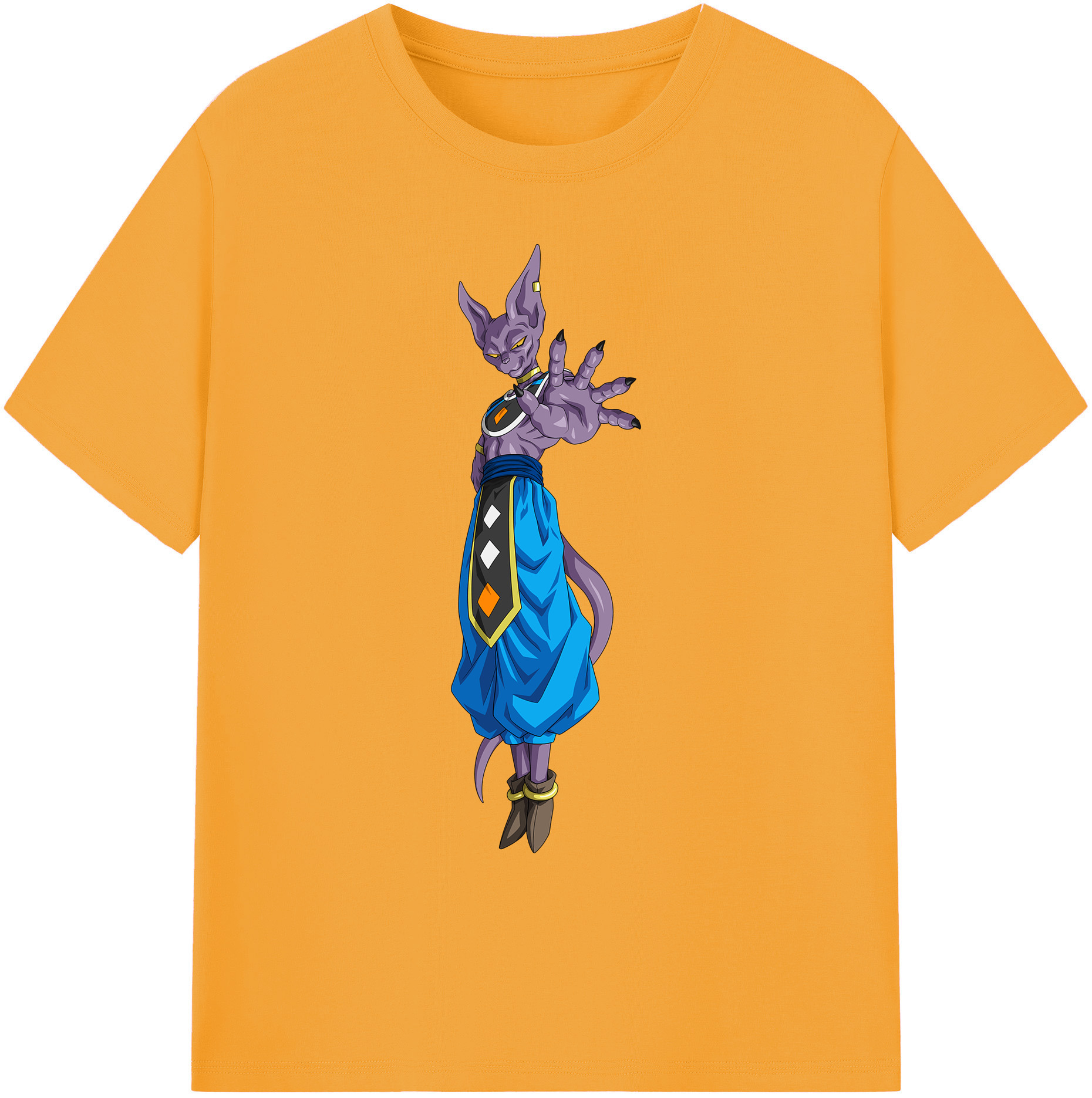 （画像用） ドラゴンボール ビルス 破壊神ビルス DRAGON BALL Beerus Birusu 綿100％ メンズ半袖Tシャツ｜肌触りやわらか＆通気性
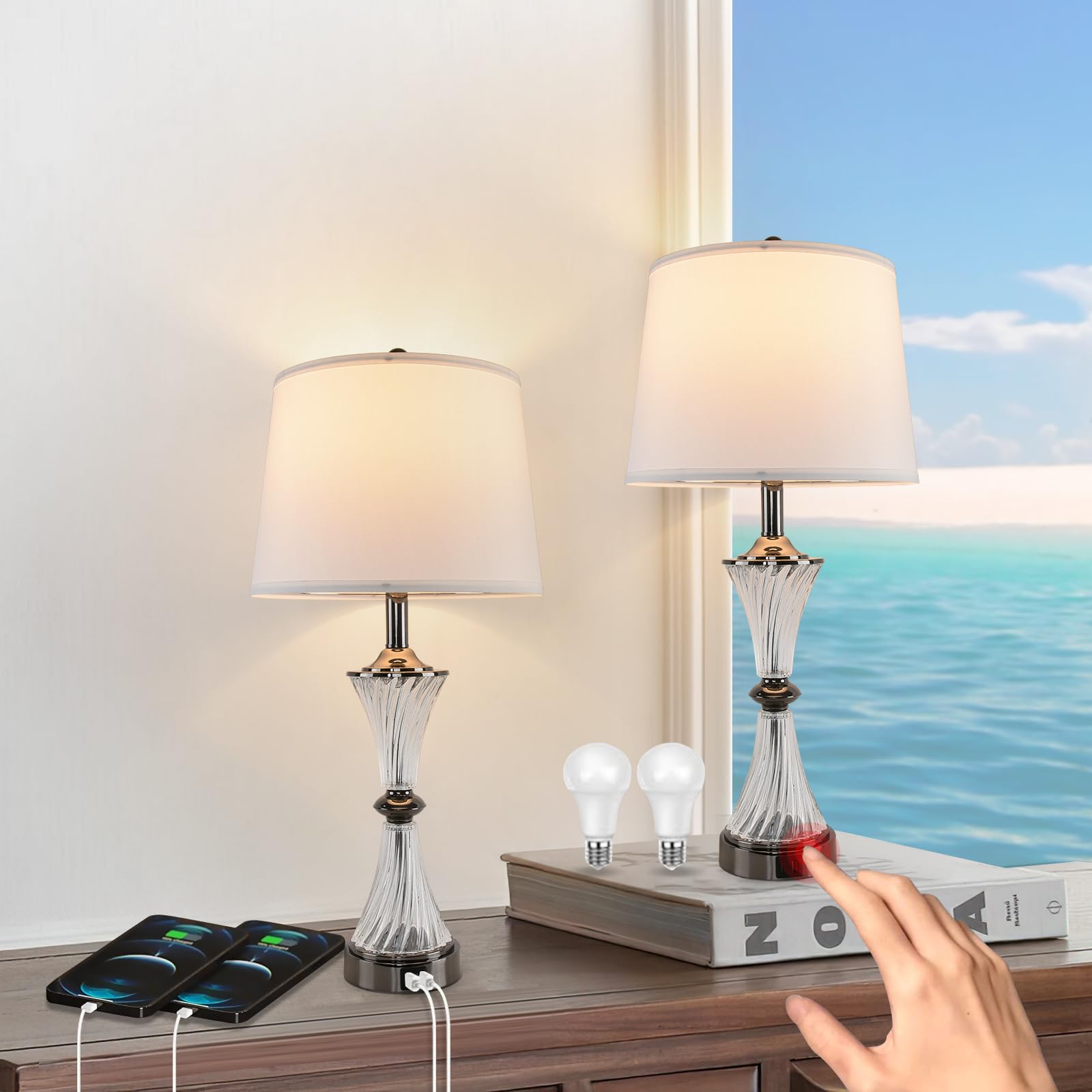 Bedside Crystal Lamps Touch Dimmable Table Lamps Modern Glass Table Lamp LED Lights Coastal Light USB Powered Desk Lights Nights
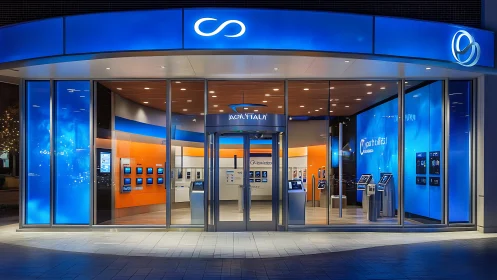 Architectural illumination of modular retail storefront with chromatic facade systems.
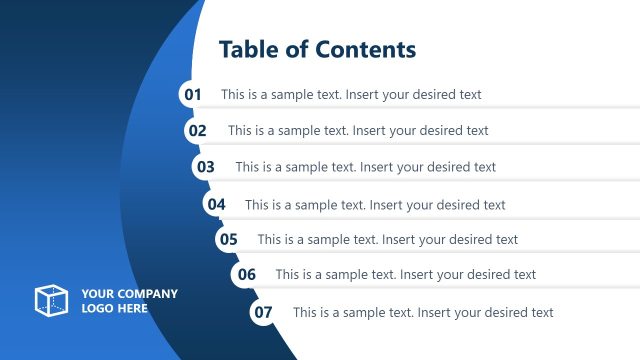 Slide for Table of Contents – Company Overview Template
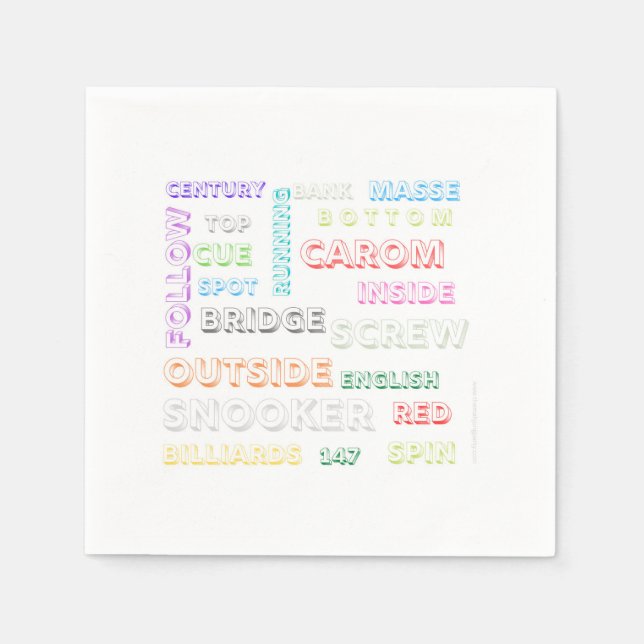 Snooker, temablöjor pappersservett (Framsidan)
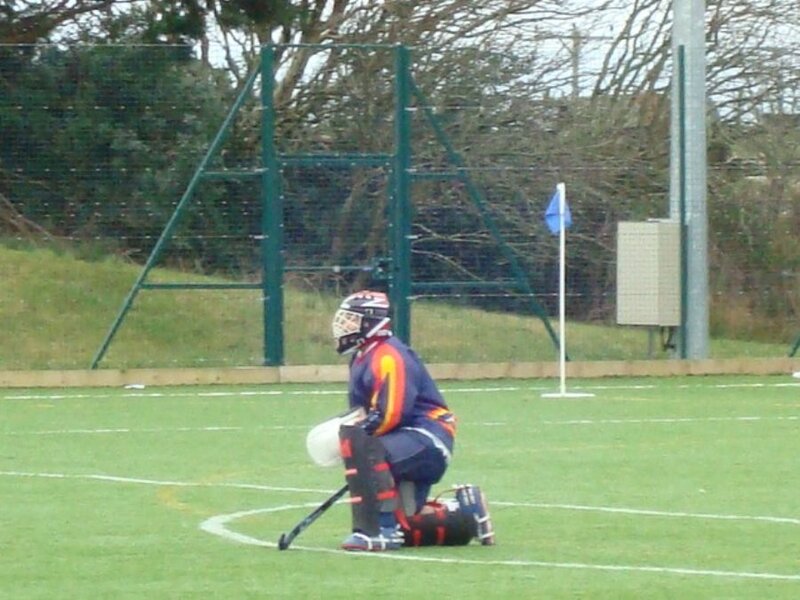 hockey goalie on field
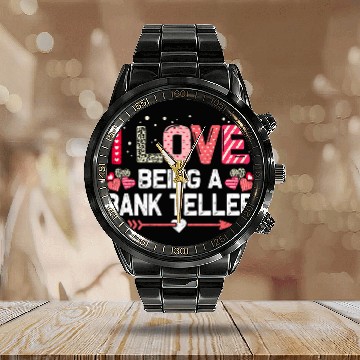 Discover I Love Being A Bank Teller Leopard Valentines Day Teller Baseball Tees Calendar Steel Band Watch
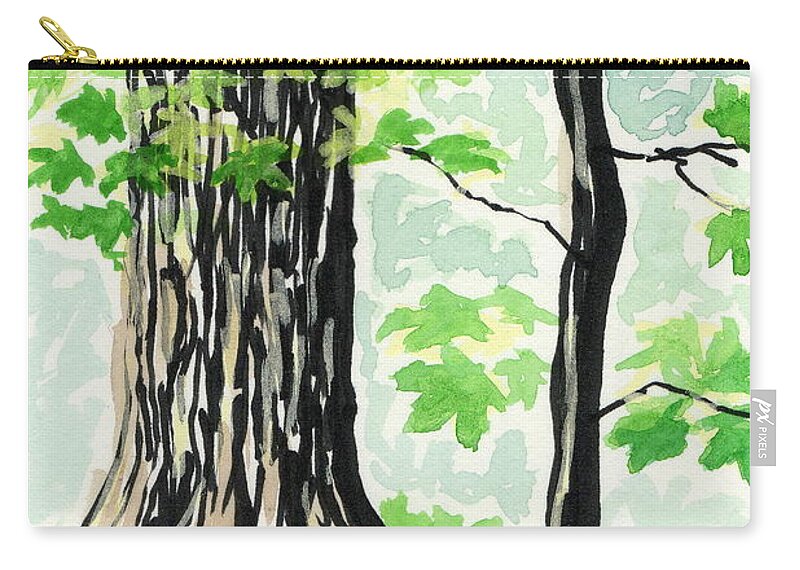 Minnesota Zip Pouch featuring the painting Nerstrand Maples by Tammy Nara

## EXERCISE INSTRUCTIONS
Output each entry exactly. Skip the pictures.

## YOUR SOLUTION
 （画像用） ドラゴンボール ビルス 破壊神ビルス DRAGON BALL Beerus Birusu 綿100％ メンズ半袖Tシャツ｜肌触りやわらか＆通気性
 Bedside Crystal Lamps Touch Dimmable Table Lamps Modern Glass Table Lamp LED Lights Coastal Light USB Powered Desk Lights Nights
 Architectural illumination of modular retail storefront with chromatic facade systems.
 Slide for Table of Contents – Company Overview Template
 Snooker, temablöjor pappersservett (Framsidan)
 hockey goalie on field
 Discover I Love Being A Bank Teller Leopard Valentines Day Teller Baseball Tees Calendar Steel Band Watch
 Minnesota Zip Pouch featuring the painting Nerstrand Maples by Tammy Nara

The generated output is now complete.